Well, well, well. Samsung thought it'd get away with a little bit of cheating, but it didn't take long to figure out that Samsung tried and failed to pull the wool right over our eyes. It turns out that the new Galaxy Note 3 is designed specifically with benchmarks in mind so that scores are inflated to make the device look faster than it actually is.
Discovered by Ars Technica, the Galaxy Note 3 kicks into high-gear whenever a benchmark app is launched and in fact will not let the CPU idle whatsoever. This high performance mode allows the phablet to run up to 20 percent faster, but just while the benchmark app is running. Once the test is complete and the app is closed, Samsung's device will return to its regular state and return to normal speeds. The clear benefit to doing this is to make the Galaxy Note 3 look faster than what it is to reviewers, technology enthusiasts and, indirectly, customers.

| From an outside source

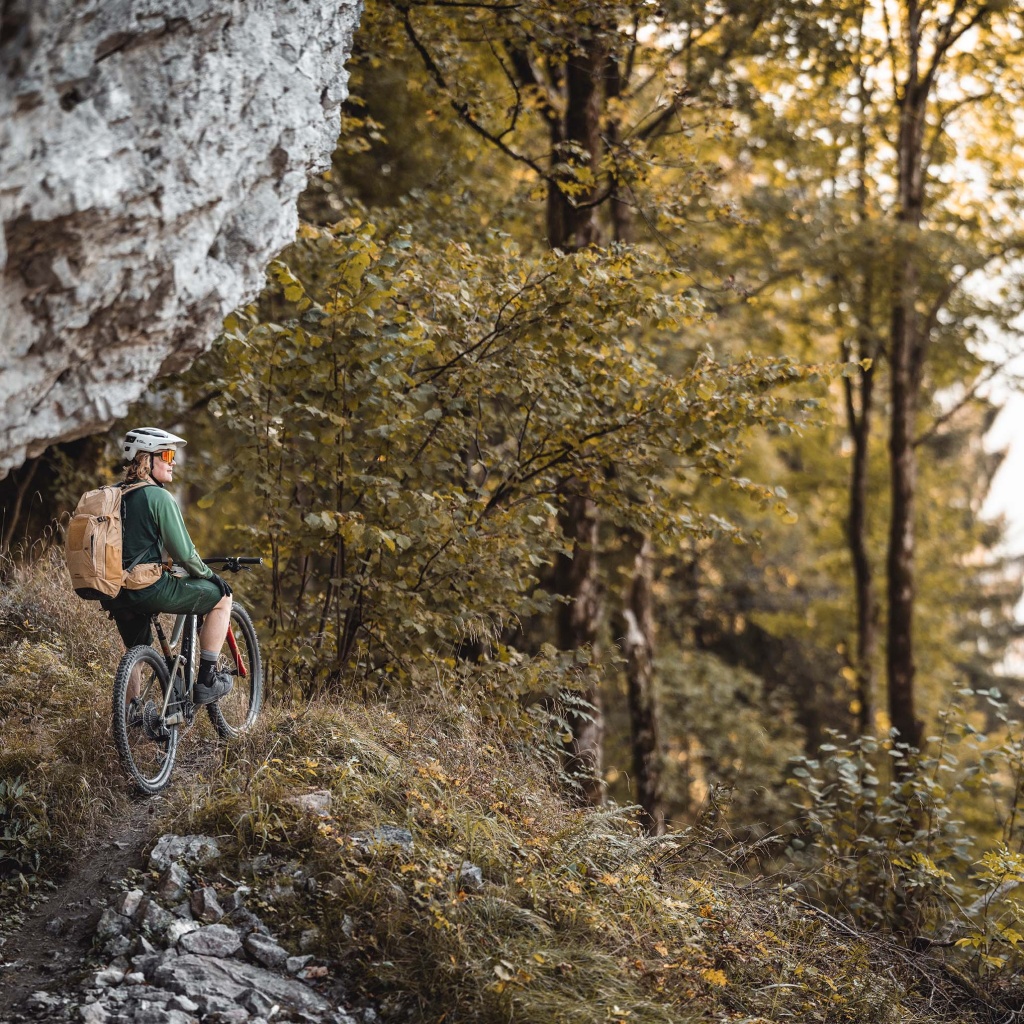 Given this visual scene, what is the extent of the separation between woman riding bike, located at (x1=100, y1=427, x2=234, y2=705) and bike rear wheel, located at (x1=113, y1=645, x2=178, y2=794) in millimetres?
220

The Note 3 has a 2.3GHz Snapdragon 800 processor and so does the LG Optimus G2. Ars Technica knew something was up when Samsung's handset was scoring far better than LG's, yet the two feature the exact same processor. Monitoring CPU usage led to the realization that the Note 3 got an unfair boost in apps like Geekbench. In fact, using a renamed version called Stealthbench deactivated the power boost.
Samsung, you've been caught red-handed.